The appliance notifies when communication is unavailable for a single heartbeat link, that is, Primary interface (eth13) or Alternate interface (eth17). The appliance HA configuration can tolerate loss of a single heartbeat link.

AMQ3906S: HA secondary appliance 'Appliance1' is unavailable
AMQ3597E: HA status for queue manager QM_HA is 'Secondary appliance unavailable'

If both links are unavailable, additional notification is made of the remote appliance being unavailable, which is also reported for each affected HA queue manager.

AMQ3902I: HA role for queue manager QM_HA is primary

If the remote appliance is unavailable, all queue managers currently in the secondary role are promoted to primary and started.

Regaining communication with remote appliance

As with losing communication interfaces with the remote appliance, there are different notifications as each communications interface between HA appliances becomes available.

Regaining a heartbeat interface
AMQ3905I: HA heartbeat connection to secondary appliance 'Appliance1' using interface 'eth13' is available

The appliance notifies when each heartbeat connection, that is, Primary interface or Alternate interface, becoming available.

AMQ3907I: HA secondary appliance 'Appliance1' is available

If regaining a heartbeat connection allows HA coordination between the appliances to resume, the appliance notifies that the secondary appliance is available.

Regaining Replication
AMQ3577I: HA replication to remote appliance 'Appliance1' for queue manager 'QM_HA' using interface 'eth21' is available

A notification is produced for each queue manager when the data replication connection is re-established.

Typically, this will be shortly followed by the secondary appliance reporting the queue manager data as inconsistent then synchronizing from the primary.

Partitioned behavior

If all HA heartbeat and replication links are lost but the remote appliance is still operating, the same sequence of states occurs on both appliances, resulting in the queue manager running simultaneously on both.
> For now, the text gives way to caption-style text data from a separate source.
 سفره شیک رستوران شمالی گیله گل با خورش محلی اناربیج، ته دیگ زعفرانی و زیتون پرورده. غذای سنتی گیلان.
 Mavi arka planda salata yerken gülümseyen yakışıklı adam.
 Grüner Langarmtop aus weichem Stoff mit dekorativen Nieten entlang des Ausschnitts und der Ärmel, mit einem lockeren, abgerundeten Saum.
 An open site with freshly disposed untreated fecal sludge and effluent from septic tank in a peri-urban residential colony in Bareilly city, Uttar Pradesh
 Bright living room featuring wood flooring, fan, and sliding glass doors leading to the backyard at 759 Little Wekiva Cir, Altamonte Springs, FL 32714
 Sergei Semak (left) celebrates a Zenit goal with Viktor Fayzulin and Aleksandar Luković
This situation results in the queue manager data deviating in a manner that cannot be reconciled.
AMQ3596S: HA status for queue manager QM_HA is 'Partitioned'

When the replication links recover, the data replication resources detect the deviation in queue manager data and report that the queue manager has become Partitioned. If heartbeat links are available, this will be reported on both appliances. Duplicate notifications are possible if both appliances simultaneously detect the deviation.
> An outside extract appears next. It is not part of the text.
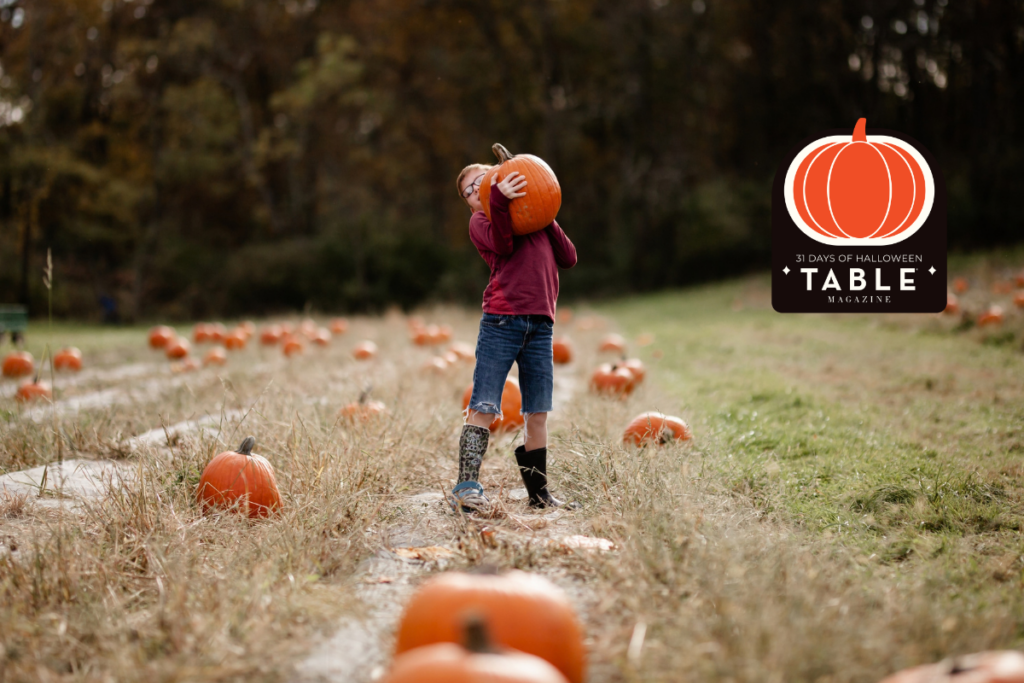 Child carrying a pumpkin at a Pittsburgh pumpkin patch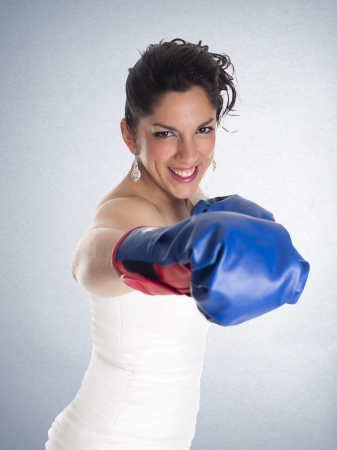 a bride with boxing gloves as a sign of struggleの写真素材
On detecting the partitioned state, the replication connection becomes unavailable.

Additionally, one of the running instances is stopped and demoted to the secondary role. Typically, the queue manager remains running on the preferred node.

Resolving a partitioned state

After following the steps in Resolving a partitioned problem in a high availability configuration to identify which appliance holds the 'winning' data for partition resolution, use the makehaprimary command on the identified appliance.
AMQ3903I: HA role for queue manager QM_HA is secondary
AMQ3902I: HA role for queue manager QM_HA is primary

If the makehaprimary command is run on the current secondary appliance, the queue manager instance is demoted on the primary appliance to allow it to be promoted, and started, where the command has been issued.

AMQ3577I: HA replication to remote appliance 'Appliance1' for queue manager 'QM_HA' using interface 'eth21' is available
AMQ3592E: HA status for queue manager QM_HA is 'Inconsistent'
AMQ3598W: HA status for queue manager QM_HA is 'Synchronization in progress'
AMQ3599I: HA status for queue manager QM_HA is 'Normal'

Data replication is then reestablished between the appliances, with the data to be replaced marked as Inconsistent, allowing synchronization from the chosen primary node.

AMQ3595W: HA status for queue manager QM_HA is 'Inactive'
AMQ3903I: HA role for queue manager QM_HA is secondary
AMQ3902I: HA role for queue manager QM_HA is primary

After synchronization has completed, if makehaprimary was not issued on the preferred node, the queue manager is moved back to the preferred node.